[R] Query on R-squared correlation coefficient for linear regression through origin
J C Nash
pro|jcn@@h @end|ng |rom gm@||@com
Thu Sep 27 14:43:17 CEST 2018
This issue that traces back to the very unfortunate use
of R-squared as the name of a tool to simply compare a model to the model that
is a single number (the mean). The mean can be shown to be the optimal choice
for a model that is a single number, so it makes sense to try to do better.
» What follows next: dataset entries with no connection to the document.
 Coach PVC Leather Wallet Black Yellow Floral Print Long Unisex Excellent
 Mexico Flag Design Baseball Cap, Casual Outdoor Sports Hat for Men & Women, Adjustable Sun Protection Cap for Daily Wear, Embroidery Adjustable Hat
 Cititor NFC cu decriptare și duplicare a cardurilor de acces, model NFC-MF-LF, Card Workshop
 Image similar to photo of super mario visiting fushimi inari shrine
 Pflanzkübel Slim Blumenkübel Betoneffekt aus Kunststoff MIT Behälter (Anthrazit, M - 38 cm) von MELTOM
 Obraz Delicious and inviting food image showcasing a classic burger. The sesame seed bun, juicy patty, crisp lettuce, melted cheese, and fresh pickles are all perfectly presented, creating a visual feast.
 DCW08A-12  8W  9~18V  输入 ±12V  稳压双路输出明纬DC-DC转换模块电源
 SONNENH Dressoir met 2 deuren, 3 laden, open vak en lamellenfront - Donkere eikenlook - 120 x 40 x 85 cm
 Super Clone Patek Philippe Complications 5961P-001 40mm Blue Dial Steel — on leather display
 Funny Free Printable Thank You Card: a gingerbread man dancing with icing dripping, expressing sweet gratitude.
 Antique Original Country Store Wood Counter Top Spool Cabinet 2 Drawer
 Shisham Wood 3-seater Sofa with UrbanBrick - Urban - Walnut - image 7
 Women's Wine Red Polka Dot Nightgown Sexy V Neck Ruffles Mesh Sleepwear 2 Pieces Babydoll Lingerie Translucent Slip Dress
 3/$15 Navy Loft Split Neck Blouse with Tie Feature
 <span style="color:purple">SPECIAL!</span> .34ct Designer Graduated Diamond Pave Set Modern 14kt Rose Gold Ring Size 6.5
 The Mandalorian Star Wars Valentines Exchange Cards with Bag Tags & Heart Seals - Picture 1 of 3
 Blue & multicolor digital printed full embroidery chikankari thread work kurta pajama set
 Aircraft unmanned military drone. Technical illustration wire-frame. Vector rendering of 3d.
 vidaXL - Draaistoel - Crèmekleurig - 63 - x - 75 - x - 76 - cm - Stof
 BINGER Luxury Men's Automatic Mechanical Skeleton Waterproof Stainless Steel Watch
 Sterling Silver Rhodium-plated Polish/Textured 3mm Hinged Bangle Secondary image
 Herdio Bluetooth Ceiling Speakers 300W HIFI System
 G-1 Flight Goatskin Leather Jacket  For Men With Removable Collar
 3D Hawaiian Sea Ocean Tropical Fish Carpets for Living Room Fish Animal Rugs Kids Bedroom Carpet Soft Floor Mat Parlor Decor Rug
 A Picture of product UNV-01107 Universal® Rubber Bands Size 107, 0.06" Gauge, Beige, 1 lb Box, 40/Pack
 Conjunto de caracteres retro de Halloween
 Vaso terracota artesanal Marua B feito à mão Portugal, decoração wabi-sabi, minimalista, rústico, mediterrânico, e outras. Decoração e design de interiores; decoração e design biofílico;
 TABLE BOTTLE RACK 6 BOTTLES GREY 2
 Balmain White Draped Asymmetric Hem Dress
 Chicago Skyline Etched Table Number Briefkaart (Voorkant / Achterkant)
The OP has the correct form -- and I find no matter what the software, when
working with models that do NOT have a constant in them (i.e., nonlinear
models, regression through the origin) it pays to do the calculation
"manually". In R it is really easy to write the necessary function, so
why take a chance that a software developer has tried to expand the concept
using a personal choice that is beyond a clear definition.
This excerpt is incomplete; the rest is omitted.